Strage Borsellino, “Anomalie e zone d’ombra ma è stata la mafia”

Non ci sono dubbi che l’attentato al giudice Paolo Borsellino e alla sua scorta è di «paternità mafiosa», anche se ci sono «anomalie» come il coinvolgimento del Sisde e «zone d’ombra» come la scomparsa dell’agenda del magistrato. Lo scrive la Cassazione nelle motivazioni sulla conferma delle condanne per due boss – Madonia e Tutino – e due finti pentiti che hanno calunniato altri collaboratori e persone innocenti. Per gli ermellini, quanto emerso nel processo sulla trattativa Stato mafia – come stabilito in appello – è di “sostanziale neutralità” e non ci sono «nuovi scenari», nonostante gli «abnormi inquinamenti delle prove».

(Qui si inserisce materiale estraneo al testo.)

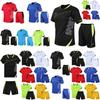 Sports Running Men Suit Quickdrying Short Sleeve Shirts Summer Gym Shorts
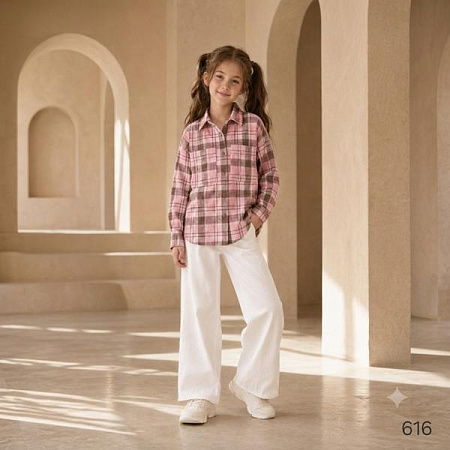 Рубашка Loren 616-1 pink - делук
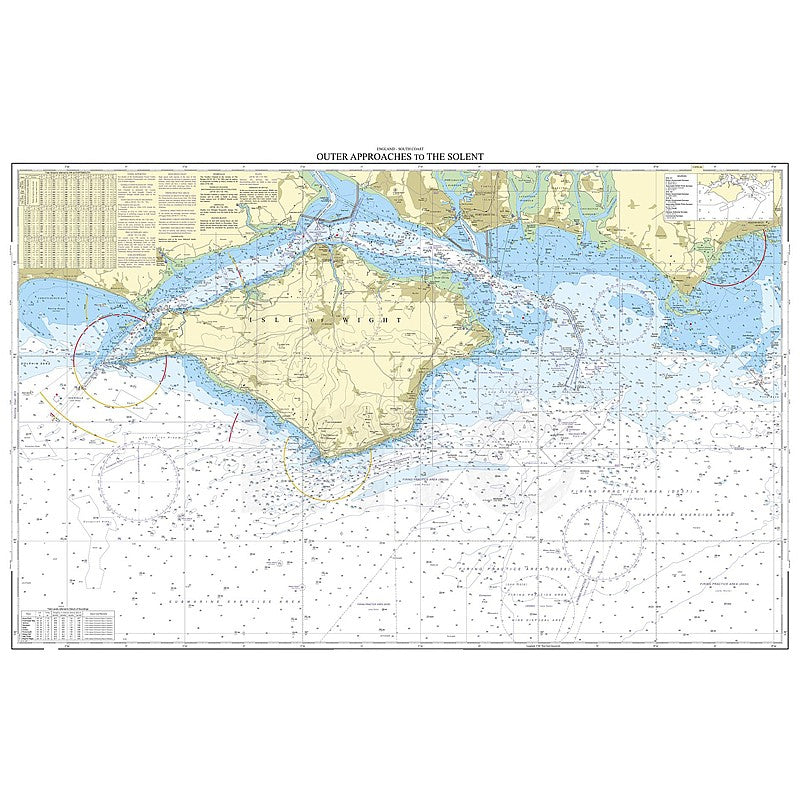 Admiralty Chart Prints 2045 - Outer Approaches to The Solent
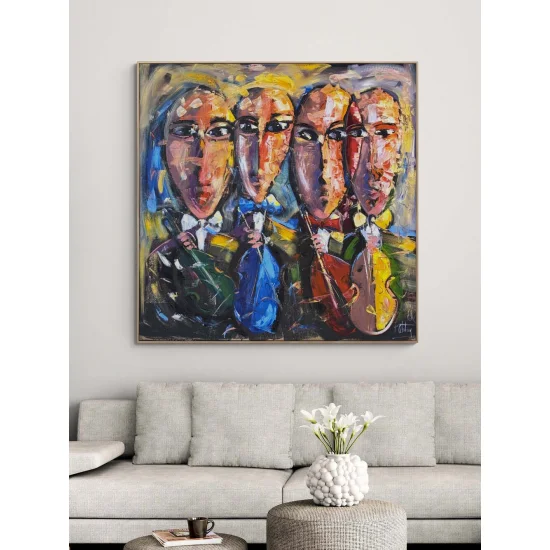 İçsel Konçerto Yağlı Boya Tablosu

Ad avviso della Suprema Corte, in maniera condivisibile, i magistrati di merito hanno ritenuto che “i dati probatori relativi alle “zone d’ombra” possano al più condurre a ipotizzare la presenza di altri soggetti o di gruppi di potere (co)-interessati all’eliminazione di Paolo Borsellino, ma ciò non esclude il riconoscimento della “paternità mafiosa” dell’attentato di Via D’Amelio e della sua riconducibilità alla strategia stragistà deliberata da Cosa Nostra, prima di tutto come “risposta” all’esito del maxi processo». Tutto questo – rileva la Cassazione – «non fa certo venir meno la complessità finalistica di quella strategia, proiettata in una triplice dimensione: una finalità di vendetta contro il ‘nemico storicò di Cosa Nostra rimasto in vita dopo la strage di Capaci», una «finalità preventiva, volta a scongiurare il rischio che Paolo Borsellino potesse raggiungere i vertici delle nuove articolazioni giudiziarie promosse da Giovanni Falcone”; e una «finalità, infine, schiettamente destabilizzatrice” dell’attentato di Via D’Amelio volta a «mettere in ginocchio lo Stato» ma «sempre nella prospettiva di Cosa Nostra tesa a «fare la guerra per poi fare la pace».

Per questi motivi, il verdetto degli ‘ermellinì ha confermato il ragionamento e la ricostruzione della strage fatta dalla Corte di Assise d’appello nella sentenza emessa il 15 novembre 2019 nei confronti oltre che di Salvatore Madonia e Vittorio Tutino, capimandamento, anche dei finti pentiti Calogero Pulici e Francesco Andriotta.